▶ DATA EXCERPT:
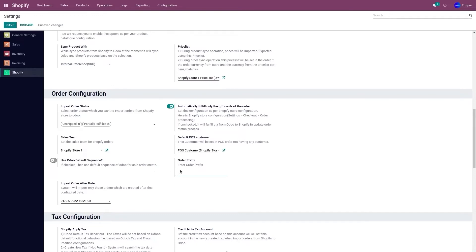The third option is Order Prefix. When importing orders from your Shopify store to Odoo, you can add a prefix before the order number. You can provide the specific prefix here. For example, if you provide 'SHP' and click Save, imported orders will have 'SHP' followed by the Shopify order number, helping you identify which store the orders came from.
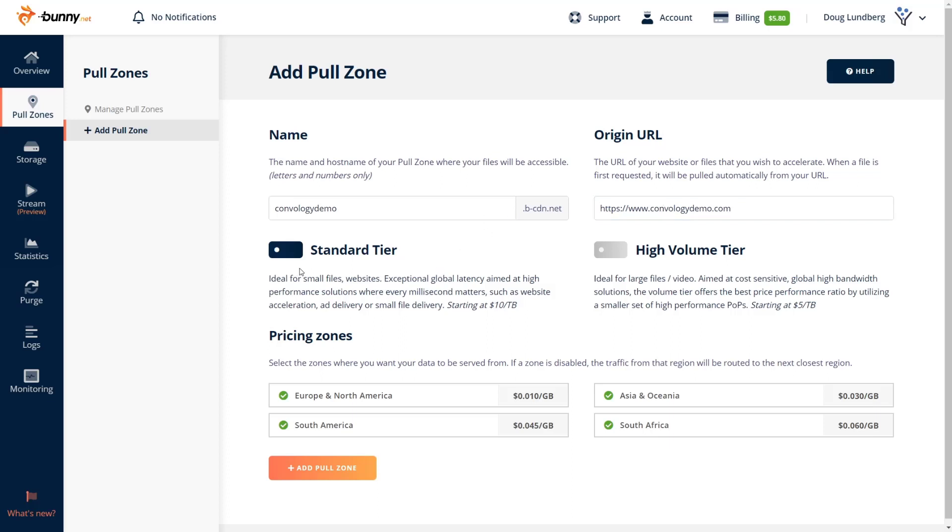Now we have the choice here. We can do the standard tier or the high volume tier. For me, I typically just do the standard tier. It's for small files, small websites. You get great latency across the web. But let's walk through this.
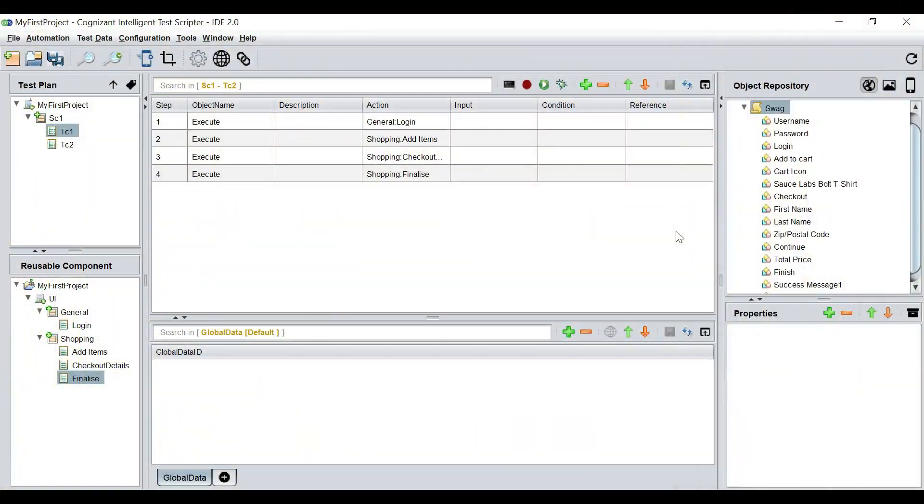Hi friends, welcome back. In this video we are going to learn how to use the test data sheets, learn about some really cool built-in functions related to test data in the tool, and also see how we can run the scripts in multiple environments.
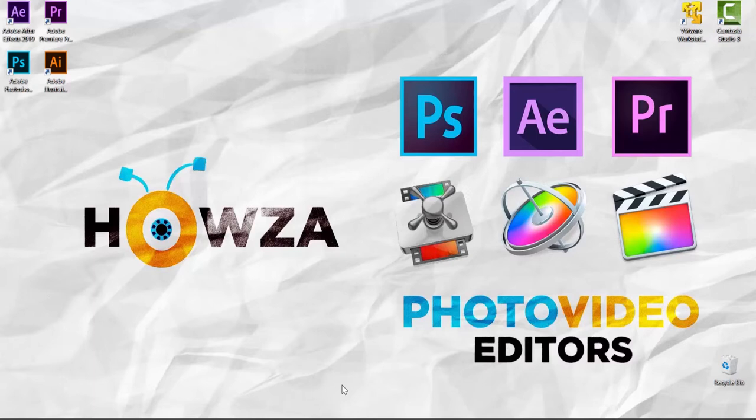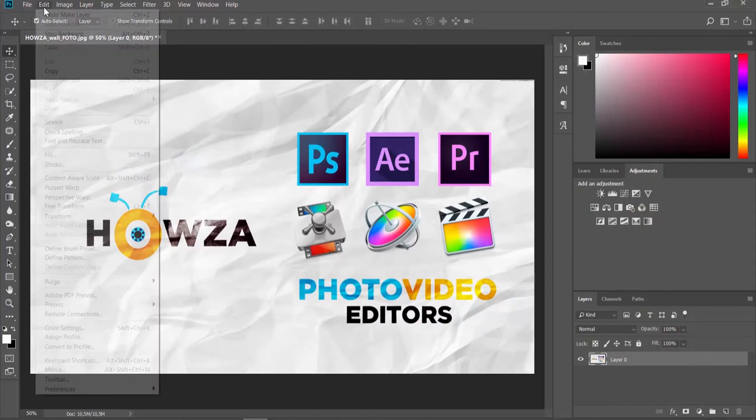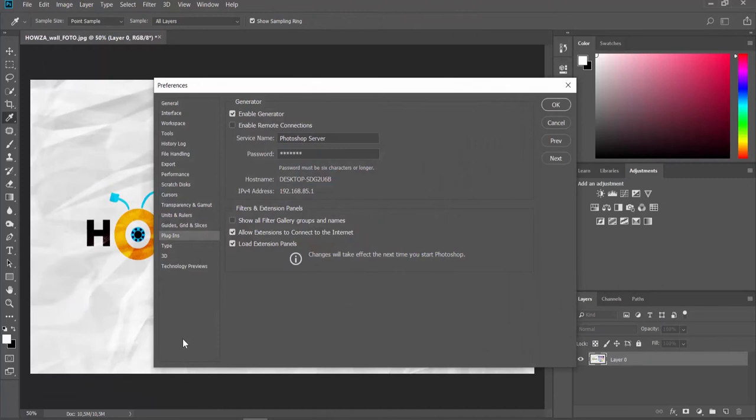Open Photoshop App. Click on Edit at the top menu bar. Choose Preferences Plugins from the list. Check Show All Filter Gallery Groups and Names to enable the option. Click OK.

▶ YOUR ASSIGNMENT: Reproduce every line of the data above, exactly as it stands, but not the pictures.

▶ OUTPUT FOR THIS TASK:
The third option is Order Prefix. When importing orders from your Shopify store to Odoo, you can add a prefix before the order number. You can provide the specific prefix here. For example, if you provide 'SHP' and click Save, imported orders will have 'SHP' followed by the Shopify order number, helping you identify which store the orders came from.
Now we have the choice here. We can do the standard tier or the high volume tier. For me, I typically just do the standard tier. It's for small files, small websites. You get great latency across the web. But let's walk through this.
Hi friends, welcome back. In this video we are going to learn how to use the test data sheets, learn about some really cool built-in functions related to test data in the tool, and also see how we can run the scripts in multiple environments.
Open Photoshop App. Click on Edit at the top menu bar. Choose Preferences Plugins from the list. Check Show All Filter Gallery Groups and Names to enable the option. Click OK.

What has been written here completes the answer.